1. Historical Backfill (Manual Trigger)

Run once to populate historical data.

  • Set start_date and end_date in the "Set Historical Date Range" node
  • Data is split into 7-day batches
  • Each batch is processed sequentially to reduce API load

2. Incremental Sync (Schedule Trigger)

Runs automatically (e.g. daily).

  • Date range is generated dynamically using ISO datetime
  • Typically pulls data from yesterday until today
  • No manual input required

Batch Processing

Date ranges are processed in weekly batches.

This helps:

  • Prevent large API requests
  • Reduce timeout risk
  • Improve stability during backfill
  • Keep memory usage efficient

Core Workflow Logic

1. Data Extraction

  • Fetch Lead records from Salesforce
  • Fetch Opportunity records from Salesforce
  • Filter using CreatedDate (since_datetime and until_datetime)

2. Phone-Based Routing

Records are split into two paths:

  • Records without phone:

    • Skip normalization
    • Still included in final dataset
  • Records with phone:

    • Processed for normalization
    • Used for merging

This ensures no data is lost even if phone is missing.

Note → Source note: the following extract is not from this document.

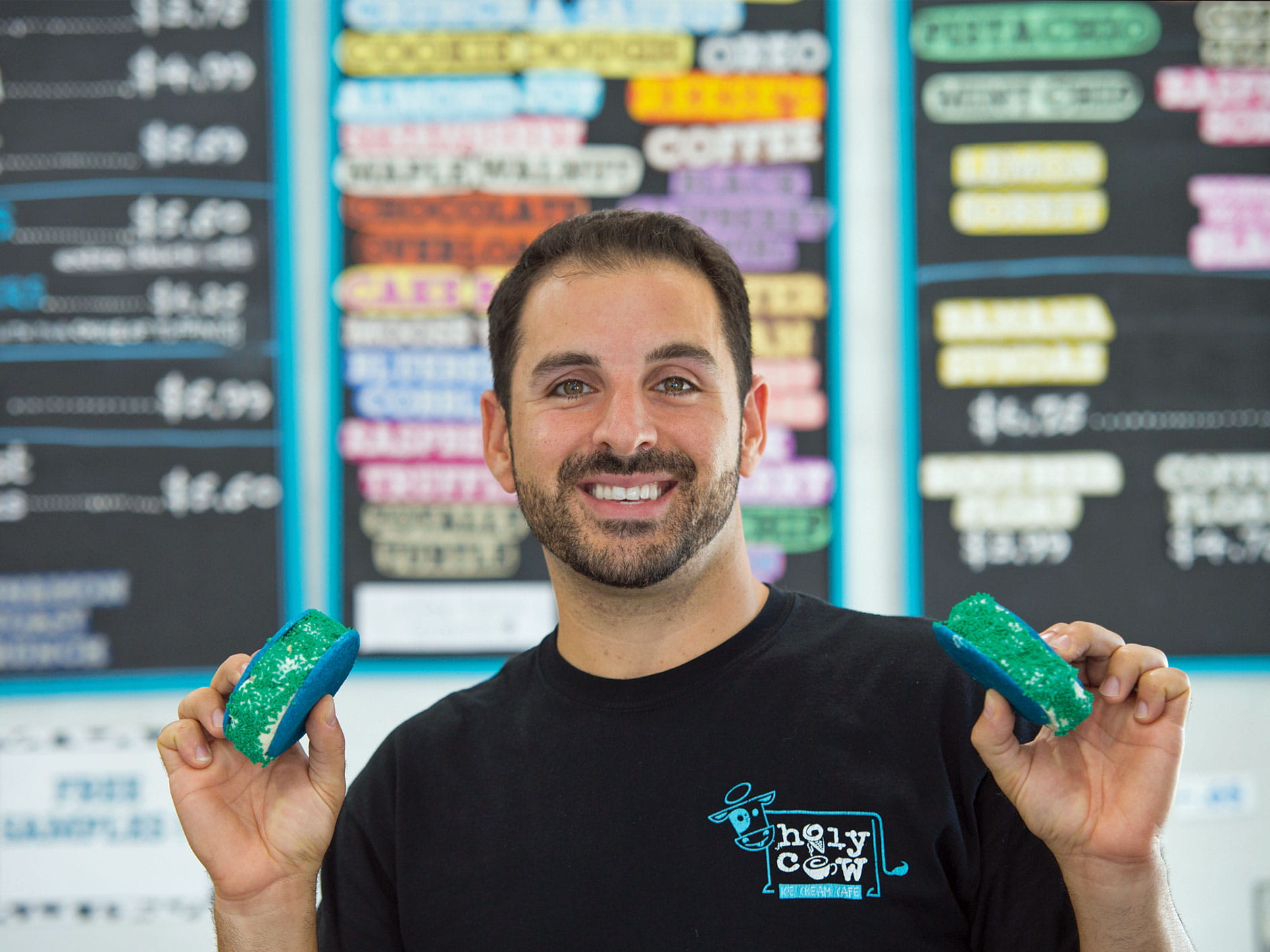 Mike Schifino ’09, owner of Holy Cow Ice Cream Cafe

3. Phone Normalization (+62)

Phone numbers are standardized into:

+62XXXXXXXXXX

Steps:

  • Remove spaces and symbols
  • Remove all non-digit characters
  • Convert 0xxxx → 62xxxx
  • Ensure no duplicated prefix (e.g. 6262)
  • Add "+" prefix

This uses Indonesia's International Direct Dialing (IDD) code: +62


4. Opportunity De-duplication

  • Duplicate opportunities are removed
  • Based on normalized phone key

This ensures clean merging and avoids duplicate enrichment.


5. Lead–Opportunity Merge

Merge is done using normalized phone fields:

  • body.nomorlead
  • body.nomoroppty

Behavior:

  • Lead is the primary dataset
  • Opportunity enriches lead

Records without phone:

  • Still preserved
  • Not removed

6. Data Standardization

All records are transformed into a unified schema:

  • Source_Object
  • SF_Id
  • CreatedDate
  • CreatedById
  • Name
  • Phone
  • Clean_Phone
  • Email
  • LeadSource
  • Status
  • StageName
  • OwnerId
  • AccountId
  • Amount

7. Upsert to PostgreSQL

  • Uses UPSERT (insert or update)
  • Matching key: sf_id

Behavior:

  • New data → insert
  • Existing data → update

Ensures:

  • No duplicate records
  • Idempotent execution

Data Flow Summary

Salesforce (Lead + Opportunity)
→ Date Filtering
→ Batch Processing (weekly)
→ Phone Routing
→ Phone Normalization (+62)
→ Opportunity Deduplication
→ Lead–Opportunity Merge
→ Data Standardization
→ PostgreSQL (Upsert)


Setup Requirements

Before using this workflow, prepare the following:

1. Salesforce

  • Salesforce OAuth2 credential
  • Access to:
    • Lead object
    • Opportunity object
  • Ensure API access is enabled

2. PostgreSQL

  • Active PostgreSQL database
  • Credentials configured in n8n
  • Table created (see schema below)

3. n8n Environment

  • n8n instance (cloud or self-hosted)
  • Salesforce node configured
  • PostgreSQL node configured

4. Date Configuration (Backfill)

  • Set start_date and end_date manually in:
    "Set Historical Date Range" node

5. Schedule Configuration (Incremental)

  • Configure Schedule Trigger
  • Recommended:
    • Daily execution
    • Off-peak hours

Minimal PostgreSQL Table Schema

CREATE TABLE n8n_salesforce_data (
sf_id TEXT PRIMARY KEY,
Source_Object TEXT,
CreatedDate TIMESTAMP,
CreatedById TEXT,
Name TEXT,
Phone TEXT,
Clean_Phone TEXT,
Email TEXT,
LeadSource TEXT,
Status TEXT,
StageName TEXT,
OwnerId TEXT,
AccountId TEXT,
Amount NUMERIC,
synced_at TIMESTAMP DEFAULT NOW()
);


Important Notes

  • sf_id is used as the unique key for upsert
  • Clean_Phone is recommended for indexing if used in analytics
  • Data consistency depends on phone normalization quality
  • Schema must be updated manually if additional fields are added

Known Limitations

  • Phone-based matching may fail if:

    • Phone numbers are inconsistent
    • Phone is missing in both Lead and Opportunity
  • No deduplication for Leads (only Opportunities handled)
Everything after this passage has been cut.